Personal information
- Born: September 26, 1980 (age 45) Los Angeles, California, U.S.
- Listed height: 6 ft 4 in (1.93 m)
- Listed weight: 210 lb (95 kg)

Career information
- High school: Simi Valley (Simi Valley, California)
- College: UC Santa Barbara (2000–2004)
- NBA draft: 2004: undrafted
- Position: Guard

Career history
- 2006: Otago Nuggets
- 2006–2007: Central Entrerriano

Career highlights
- Big West Player of the Year (2003); 2× First-team All-Big West (2003, 2004); Big West All-Freshman team (2001);

= Branduinn Fullove =

American basketball player (born 1980)

Branduinn Fullove (born September 26, 1980) is an American former professional basketball player.
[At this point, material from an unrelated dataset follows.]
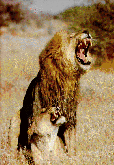 [Two Lions]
He played college basketball for the UC Santa Barbara Gauchos.

==Early life==
Fullove was born in the Mission Hills neighbourhood of Los Angeles, California. He attended Simi Valley High School where he averaged 24.9 points, 6.3 rebounds and 3.4 steals per game as a senior.

==College career==
Fullove played for the UC Santa Barbara Gauchos from 2000 to 2004. He was selected to the Big West All-Freshman team in 2001 as he averaged 12.2 points, 5.0 rebounds and 3.2 assists per game. Fullove was named the Big West Conference Men's Basketball Player of the Year as a junior in 2003 while he averaged a team-high 14.6 points per game. He was selected to the first-team All-Big West during his senior season in 2004.

==Professional career==
Fullove played professionally in Hungary, New Zealand, Argentina and Mexico. He played for the Otago Nuggets during the 2006 New Zealand NBL season. Fullove joined Central Entrerriano of the Liga Nacional de Básquet for the 2006–07 season.

==Later life==
Fullove began coaching after his basketball career and established a basketball academy for local students. He served as the cross country coach at Crespi Carmelite High School in 2015. Fullove works as an assistant store manager for Amazon Fresh in Seattle, Washington.